*Provided data*.
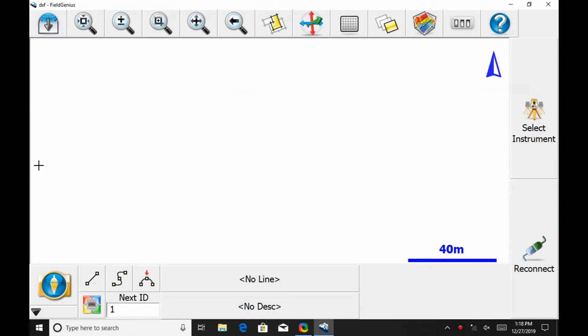Hello, this is Nolan from Benchmark. In today's video, I'm going to show you how to import a DXF file into MicroSurvey's FieldGenius.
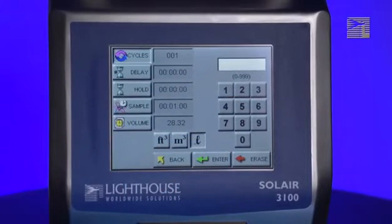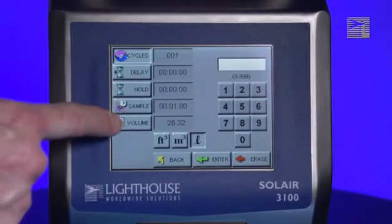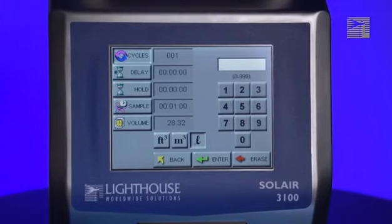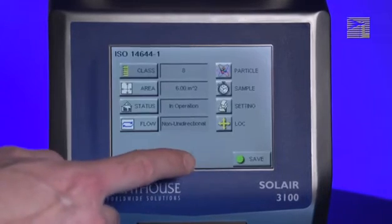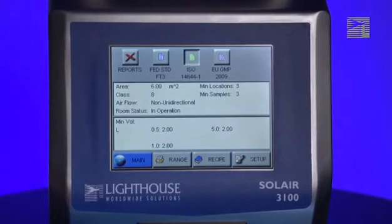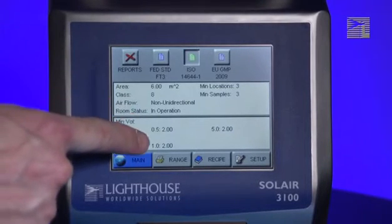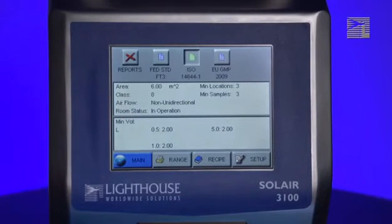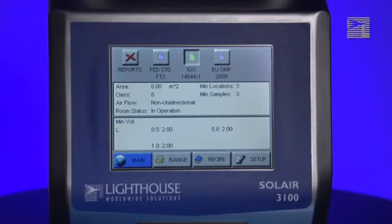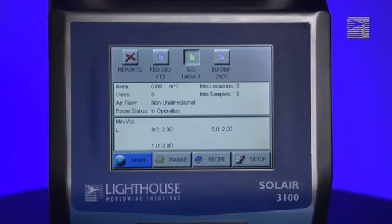Note that you should not change the sample time or the sample volume. Each of the cleanroom standards has specific requirements about the minimum volume of air that must be sampled in each location. These minimum volumes are displayed on the main report screen. As soon as you enable the report, the sample time will automatically be set to the minimum sample time required for the report, based on the particle sizes you have selected to sample. Allowing the particle counter to set the sample time will ensure the data collected meets the requirements of the selected cleanroom standard.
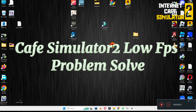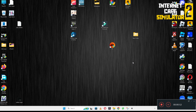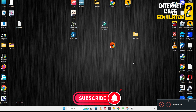Hello guys, welcome back to another video. In this video I will show you how to fix Internet Cafe Simulator low FPS or lagging problem on your Windows PC and laptop. So to fix this issue, follow every step as I am showing in this video.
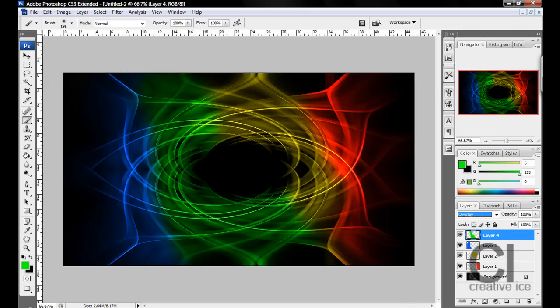And there you have it guys, this is how you make a really quick, cool abstract background. So yeah, thank you for watching.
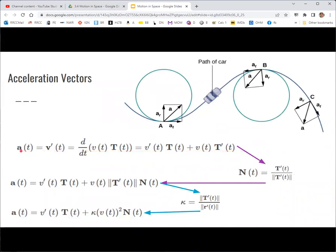Now let's go through the acceleration vector derivation. Acceleration as a vector function is the derivative of the velocity vector. We already talked about the velocity vector being broken up into the speed — the magnitude of that vector — and its direction, which is the unit vector version. The unit vector of the velocity vector is the unit tangent vector. So velocity is made up of speed and direction. Now we can apply the product rule for a scalar times a vector: derivative of the first times the second, plus the first times the derivative of the second.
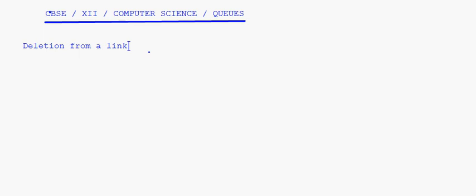Today let's look at deletion from a linked queue. Let's first understand the concept of deletion from a linked queue.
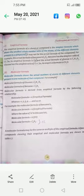For example, the molecular formula of benzene is C6H6. Molecular formula is derived from empirical formula. Through the empirical formula, we can find the molecular formula.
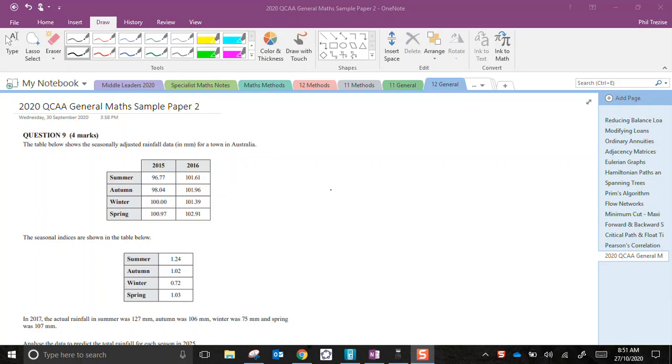Hi everyone. In this lesson I'm going to work through this question from the 2020 QCAA General Maths sample paper number two. So it's the last of the problem-solving questions.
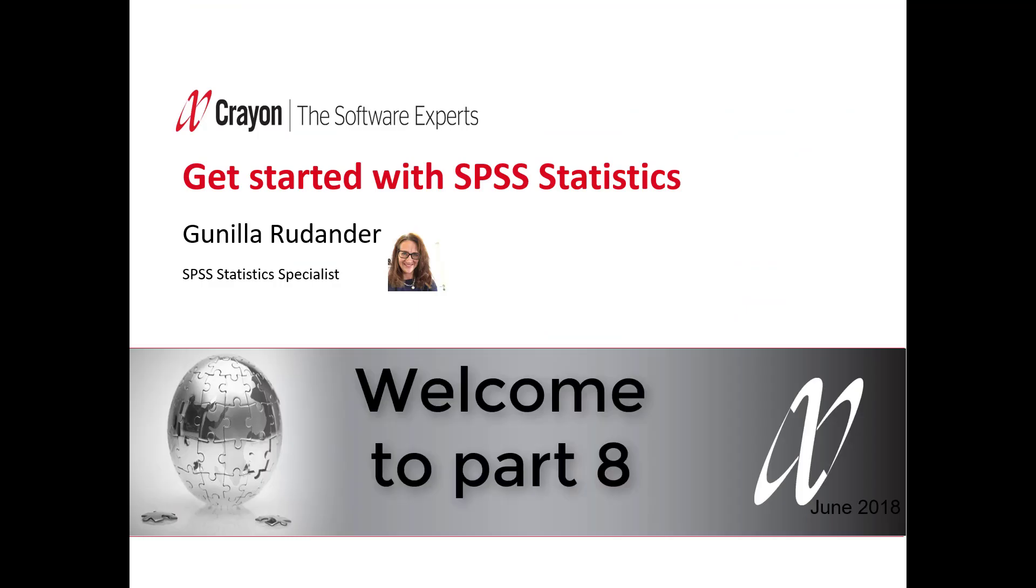That's all for today. Thank you for taking the time to attend, and welcome again.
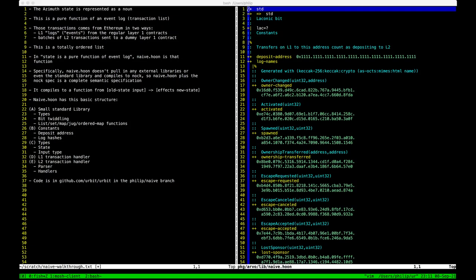Hey, I am Philip Monk on Urbit. I'm wickdev-whisfright. I wanted to do a walkthrough of the code for naive rollups.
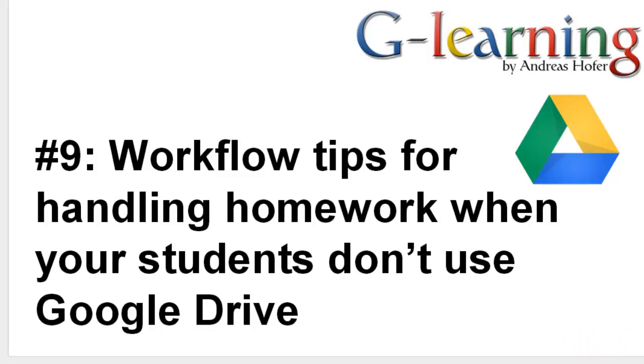Hello, in this video I would like to give you some tips on how to improve your workflow for marking or grading homework, in particular when your students don't use Google Drive themselves.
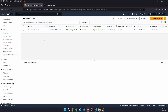Hi guys, I'm Syed from CloudRevolve. In today's video, we are going to show you how to create an SSH user on multiple servers using Ansible. You don't have to log in on each server and run the commands to create a user. So follow with me step by step and see how we can do it.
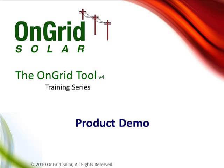For a thorough, rock-solid solar analysis, use the OnGrid tool. This is software for solar salespeople, built by solar salespeople.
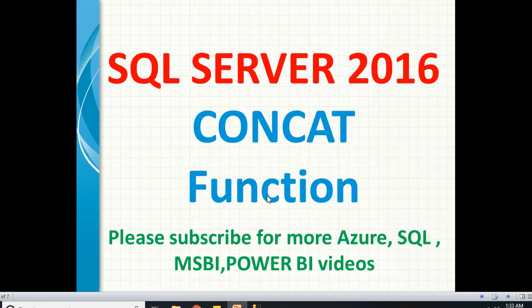If you have any questions on SQL Server or MSBI, Power BI, Azure, please write your question in the YouTube comment section. I will try to answer as soon as possible.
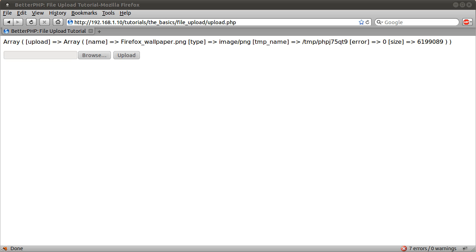And luckily for us, PHP has a function that both checks if the file has been uploaded, like it's not someone trying to get one of your files, and also move the file. And that function is the move uploaded files function. Oh, one thing I should also point out,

*What is required*.
Output the entries above exactly as given, but strip out the pictures.

*Solved exercise*.
Hello, this is Nolan from Benchmark. In today's video, I'm going to show you how to import a DXF file into MicroSurvey's FieldGenius.
Note that you should not change the sample time or the sample volume. Each of the cleanroom standards has specific requirements about the minimum volume of air that must be sampled in each location. These minimum volumes are displayed on the main report screen. As soon as you enable the report, the sample time will automatically be set to the minimum sample time required for the report, based on the particle sizes you have selected to sample. Allowing the particle counter to set the sample time will ensure the data collected meets the requirements of the selected cleanroom standard.
Hello guys, welcome back to another video. In this video I will show you how to fix Internet Cafe Simulator low FPS or lagging problem on your Windows PC and laptop. So to fix this issue, follow every step as I am showing in this video.
And there you have it guys, this is how you make a really quick, cool abstract background. So yeah, thank you for watching.
Now let's go through the acceleration vector derivation. Acceleration as a vector function is the derivative of the velocity vector. We already talked about the velocity vector being broken up into the speed — the magnitude of that vector — and its direction, which is the unit vector version. The unit vector of the velocity vector is the unit tangent vector. So velocity is made up of speed and direction. Now we can apply the product rule for a scalar times a vector: derivative of the first times the second, plus the first times the derivative of the second.
Today let's look at deletion from a linked queue. Let's first understand the concept of deletion from a linked queue.
For example, the molecular formula of benzene is C6H6. Molecular formula is derived from empirical formula. Through the empirical formula, we can find the molecular formula.
Hi everyone. In this lesson I'm going to work through this question from the 2020 QCAA General Maths sample paper number two. So it's the last of the problem-solving questions.
That's all for today. Thank you for taking the time to attend, and welcome again.
Hey, I am Philip Monk on Urbit. I'm wickdev-whisfright. I wanted to do a walkthrough of the code for naive rollups.
Hello, in this video I would like to give you some tips on how to improve your workflow for marking or grading homework, in particular when your students don't use Google Drive themselves.
Hi guys, I'm Syed from CloudRevolve. In today's video, we are going to show you how to create an SSH user on multiple servers using Ansible. You don't have to log in on each server and run the commands to create a user. So follow with me step by step and see how we can do it.
For a thorough, rock-solid solar analysis, use the OnGrid tool. This is software for solar salespeople, built by solar salespeople.
If you have any questions on SQL Server or MSBI, Power BI, Azure, please write your question in the YouTube comment section. I will try to answer as soon as possible.
And luckily for us, PHP has a function that both checks if the file has been uploaded, like it's not someone trying to get one of your files, and also move the file. And that function is the move uploaded files function. Oh, one thing I should also point out,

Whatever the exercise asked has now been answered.